Three changes from review:

1. decodeMultipartFilename now bails out early when any code point in
   the input exceeds 0xFF. multer can hand us an already-decoded UTF-8
   string when the client uses the RFC 5987 `filename*` parameter, and
   the previous round-trip-only check would corrupt those names — for
   example, a properly decoded `测试文档.docx` could be re-mangled into
   `KՇc.docx` because the latin1-encoded bytes happened to form a
   valid UTF-8 sequence.
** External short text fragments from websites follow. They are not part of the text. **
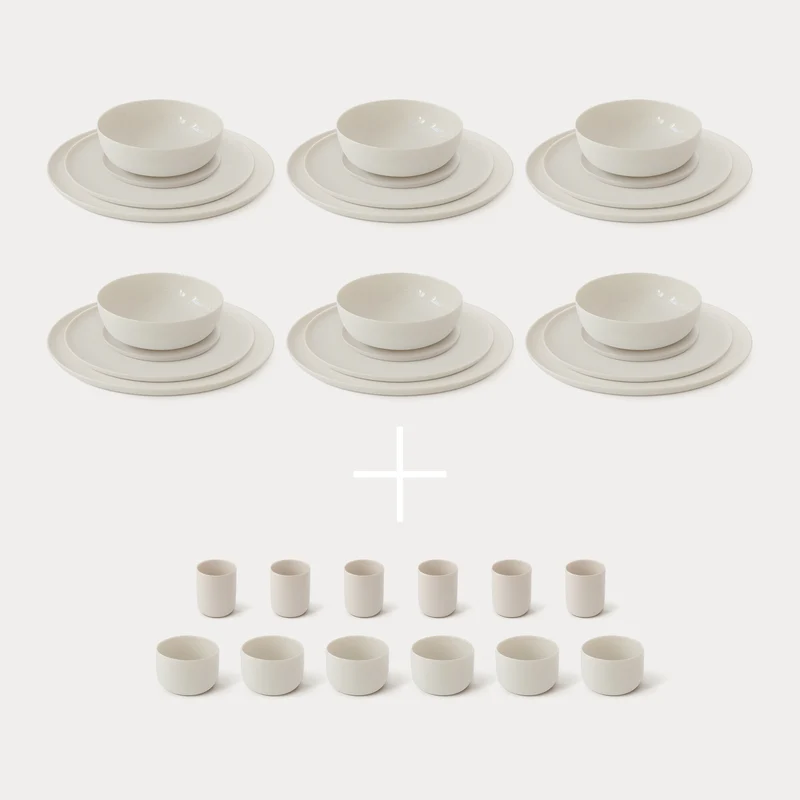 KAYA Entertaining Set - eggshell & shiny white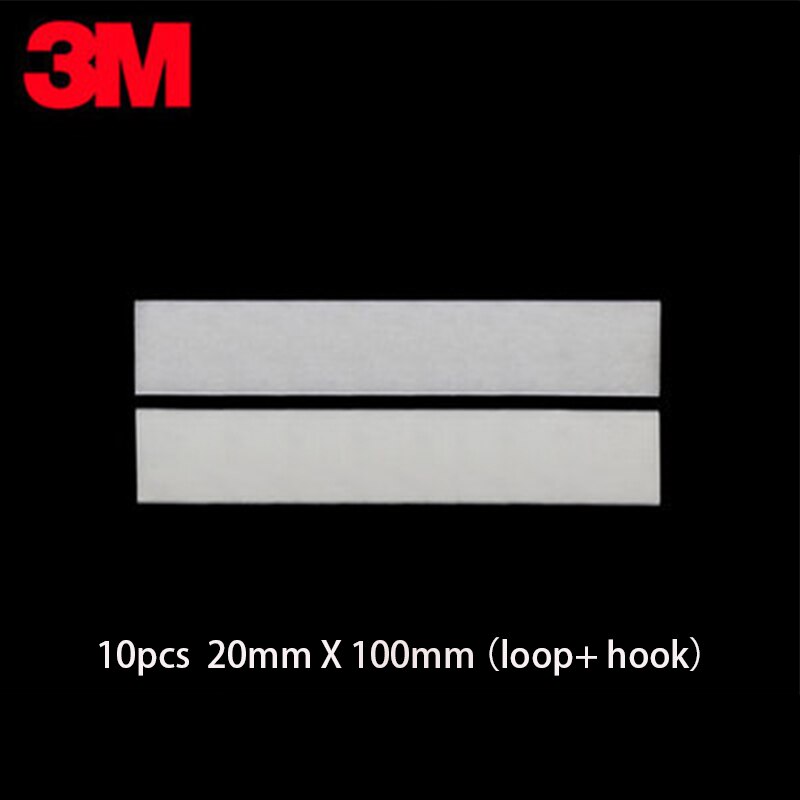 10PCS 3M Double-sided Adhesive Velcros Strong Self-adhesive Hook and Loop Tape nylon sticker velcros Glue for DIY fixing automob: white 20mm x 100mm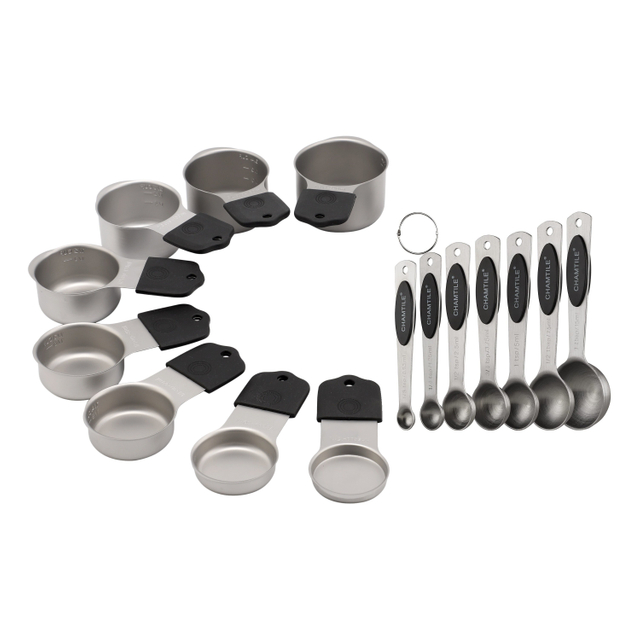 Magnetic Stainless Steel Measuring Cups Set Measuring Tools With Silicone Handle- Accurate and Durable Kitchen Tool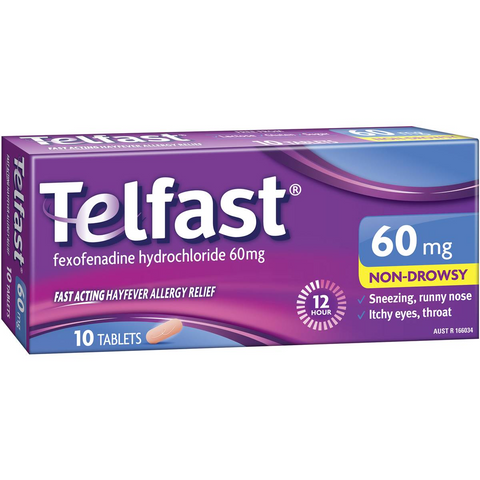 Telfast Hayfever Allergy Relief 60mg Antihistamine Tablets 10 Pack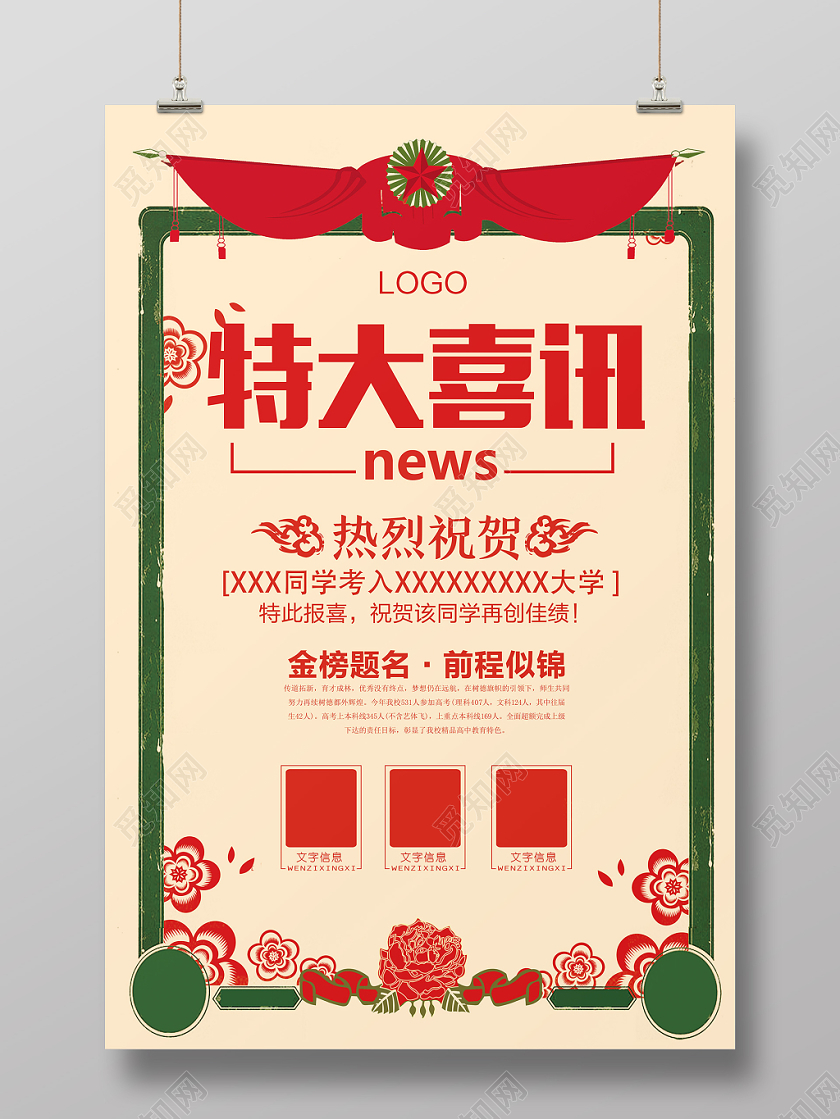 复古风特大喜讯宣传海报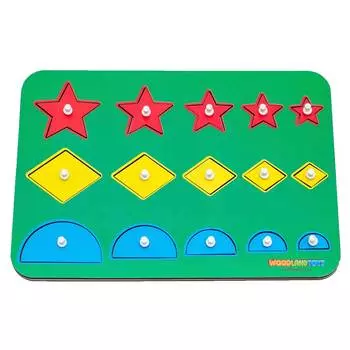 WoodlandToys Вкладыши Монтессори «Больше-меньше» 081203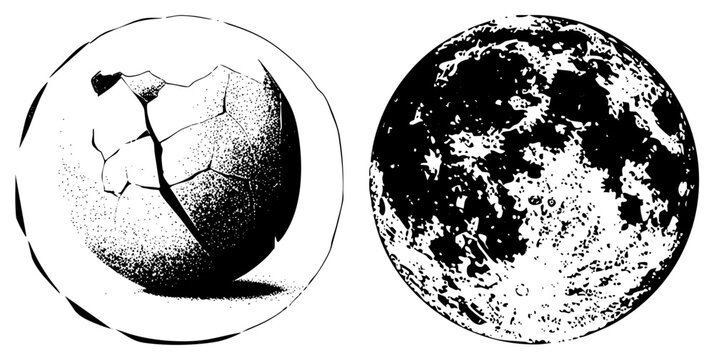 Shattered moon globe cratered lunar surface in stark halftone evokes mystery, decay, cosmic wonder. Ideal for mythic or space themed branding/posters.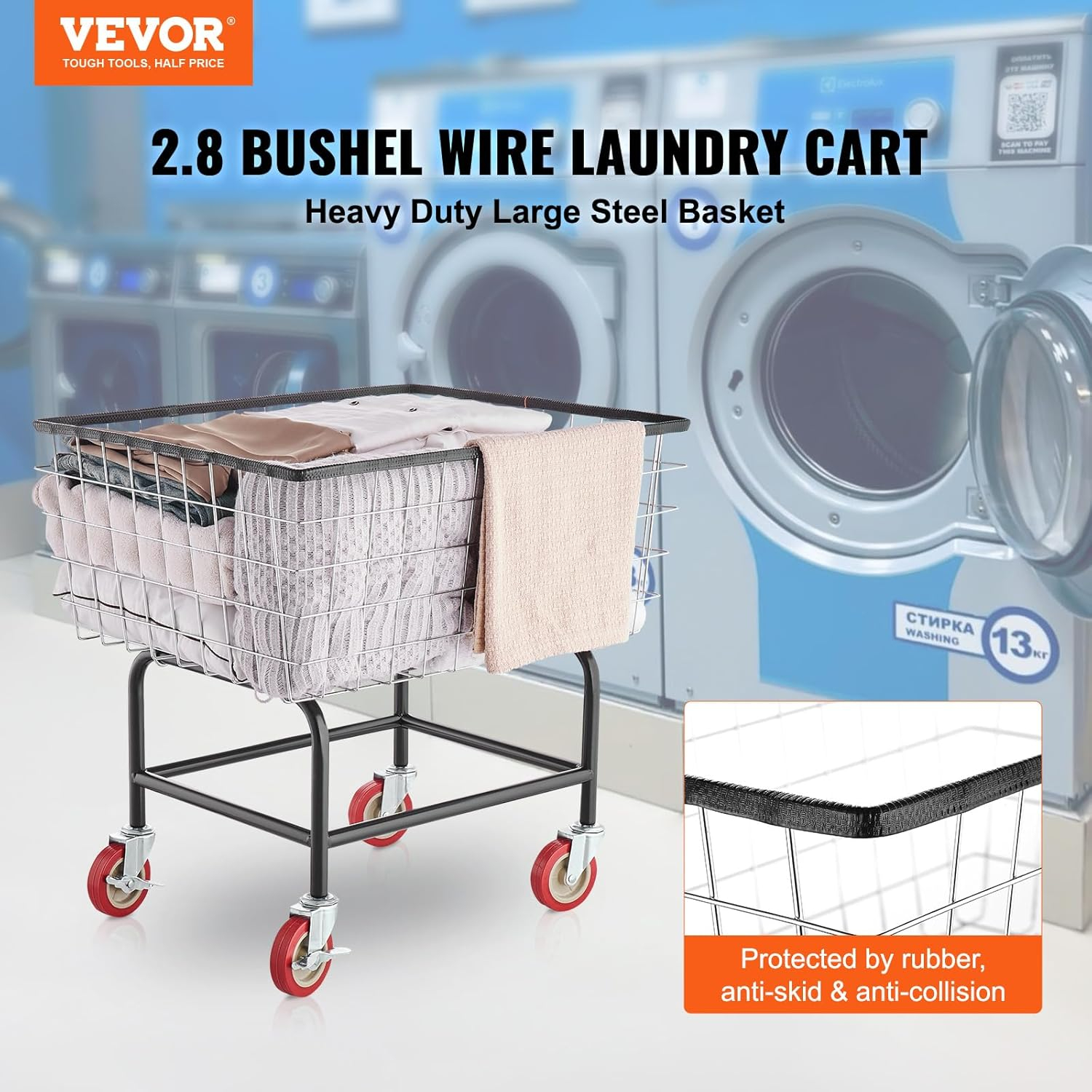 21 x 27 x 27.5 in. Wire Laundry Cart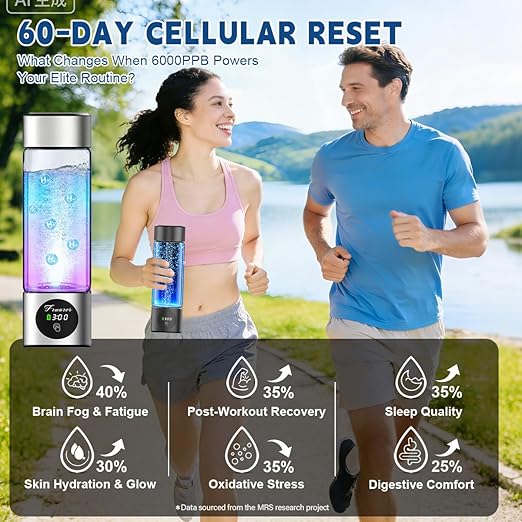 Hydrogen Water Bottle Generator - SPE/PEM Tech Hydrogen Water Machine - 6000 PPB Portable hydrohealth Water Bottle for Kidney Health Hydrogen Bottle with OLED Display (R Touch/Sliver/Coated)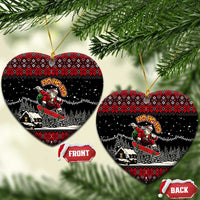 Skater Santa Claus Ho Ho Ho Christmas Ceramic Ornament Xmas Holiday Patterns - Wonder Print Shop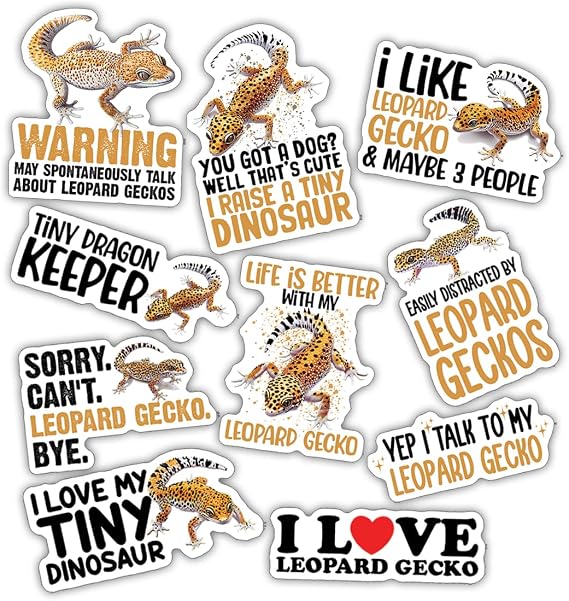 TAYTA Leopard Gecko Waterproof Vinyl Decal Sticker Sheet, 10 Pcs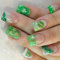 Limtula 24 Pcs Festival French Tip Shamrocks Lips Print Acrylic False Nails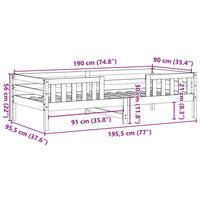 Giroletto Bianco 90x190 cm in Legno Massello di Pino 846980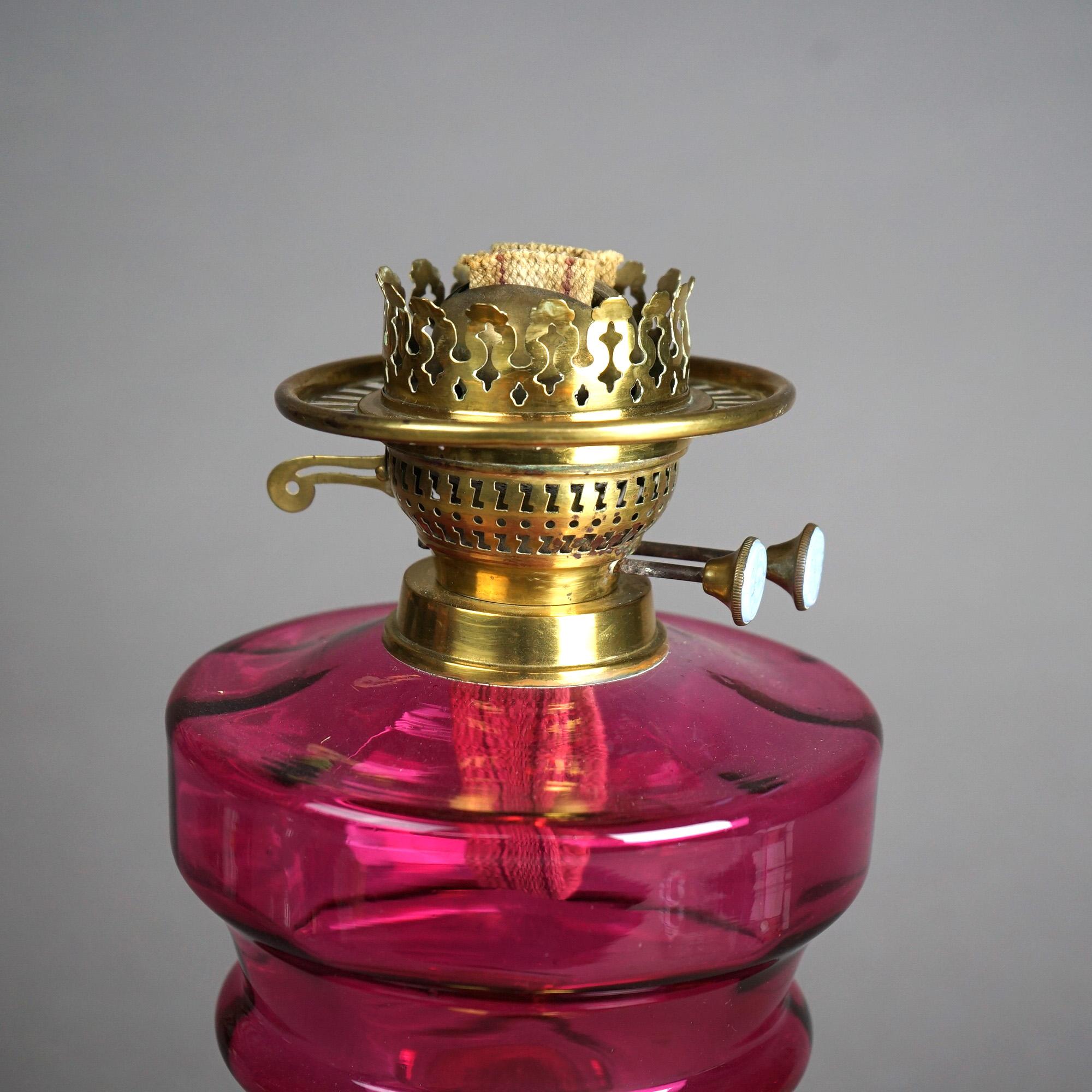Antique Brass &Cranberry Glass “Gone With The Wind” Oil Lamp C1890 For Sale 5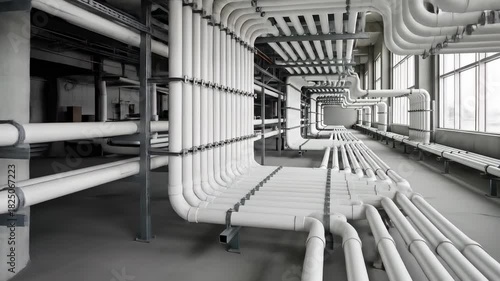 An industrial setting showing a complex arrangement of white pipes along the ceiling and walls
Code points above 0xFF can never appear in a
   genuine latin1-decoding-of-utf8 input, so they're an unambiguous
   signal that no further decoding should run.

2. decodeMultipartFilename now handles null/undefined defensively (it
   was relying on multer always populating originalname; this just
   makes the helper safer to reuse from other call sites).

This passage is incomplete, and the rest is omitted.